The Occupy Wall Street movement, which has now well and truly gone global, has been criticised for its lack of a coherent message, above and beyond a collective railing at the unfairness of it all.

The same has been said of the small offshoot movement here in Australia, which turned out in numbers of around 600 and 500 in Sydney and Melbourne respectively over the weekend. Critics have questioned the need for such a movement in a country whose economy bears no similarity to the US and Europe.

Business Insider has helpfully graphed the many legitimate gripes at the heart of the US Occupy movement, starting with unemployment:

Yes, comparatively our unemployment rate would make the US weep with envy. But we are not immune to the gripes.

In his “Mind the Gap” piece for Inside Story published in May, economist and Labor MP Andrew Leigh wrote about the widening chasm between the haves and have nots in this country. Leigh cited research co-authored with Oxford’s Tony Atkinson, while he was an economics professor at the Australian National University, which examined how the income share of top income groups in Australia had changed, extending back to the 1920s:

In 1921 the top 1% of Australians had 12% of all household income. Then we saw a compression: the top earners’ income share steadily dropped until 1980, by which time that group had about 5% of all national income. Then we saw a rise again, and by 2007 the top 1% had 10% of household income, double the share in 1980.
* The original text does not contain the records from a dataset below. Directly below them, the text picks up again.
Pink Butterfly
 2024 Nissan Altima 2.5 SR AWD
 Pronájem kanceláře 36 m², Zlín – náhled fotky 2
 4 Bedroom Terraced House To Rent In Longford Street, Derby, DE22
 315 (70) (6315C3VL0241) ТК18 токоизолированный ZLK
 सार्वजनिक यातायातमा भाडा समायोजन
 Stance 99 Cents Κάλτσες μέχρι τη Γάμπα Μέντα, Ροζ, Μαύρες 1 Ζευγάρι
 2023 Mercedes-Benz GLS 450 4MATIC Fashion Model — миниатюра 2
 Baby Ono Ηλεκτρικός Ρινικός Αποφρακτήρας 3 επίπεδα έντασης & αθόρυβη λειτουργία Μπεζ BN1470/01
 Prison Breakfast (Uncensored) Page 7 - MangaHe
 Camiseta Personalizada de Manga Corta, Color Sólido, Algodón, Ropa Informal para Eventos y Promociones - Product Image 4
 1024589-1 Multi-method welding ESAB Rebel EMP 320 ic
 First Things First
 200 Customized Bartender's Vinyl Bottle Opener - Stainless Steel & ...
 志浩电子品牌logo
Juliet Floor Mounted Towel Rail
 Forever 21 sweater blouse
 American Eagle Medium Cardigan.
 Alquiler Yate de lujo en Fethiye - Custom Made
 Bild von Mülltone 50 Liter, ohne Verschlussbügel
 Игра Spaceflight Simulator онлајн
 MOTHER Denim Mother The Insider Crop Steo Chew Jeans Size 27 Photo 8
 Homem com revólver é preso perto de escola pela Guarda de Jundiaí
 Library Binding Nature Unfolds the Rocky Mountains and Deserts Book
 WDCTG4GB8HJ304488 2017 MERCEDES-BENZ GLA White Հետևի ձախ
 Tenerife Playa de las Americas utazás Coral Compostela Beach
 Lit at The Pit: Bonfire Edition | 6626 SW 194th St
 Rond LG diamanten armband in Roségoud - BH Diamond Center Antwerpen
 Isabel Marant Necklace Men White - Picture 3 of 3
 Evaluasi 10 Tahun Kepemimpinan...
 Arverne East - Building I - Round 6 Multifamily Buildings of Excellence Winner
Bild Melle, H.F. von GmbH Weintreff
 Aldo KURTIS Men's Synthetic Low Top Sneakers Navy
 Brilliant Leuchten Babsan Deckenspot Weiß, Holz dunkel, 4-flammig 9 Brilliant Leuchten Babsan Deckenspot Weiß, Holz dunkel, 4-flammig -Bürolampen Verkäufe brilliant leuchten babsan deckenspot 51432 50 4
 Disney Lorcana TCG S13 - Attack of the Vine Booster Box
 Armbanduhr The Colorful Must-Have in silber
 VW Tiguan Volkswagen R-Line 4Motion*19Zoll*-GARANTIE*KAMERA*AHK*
We see an even starker pattern if we look at the top 0.1% — the richest 1/1000th of Australian adults. In 2007, members of this group were earning at least $693,000, and their income share of the Australian pie followed a similar trajectory. In 1921, they had 4% of all household income. That fell by 1980 to 1%, and then rose again so that, by 2007, the richest 1/1000th of all Australians again had 4% of household income.

The protesters here may not been driven by their own desperate circumstances the way protesters in the US and Europe are, but that doesn’t mean they don’t have legitimate questions to scrawl on their placards.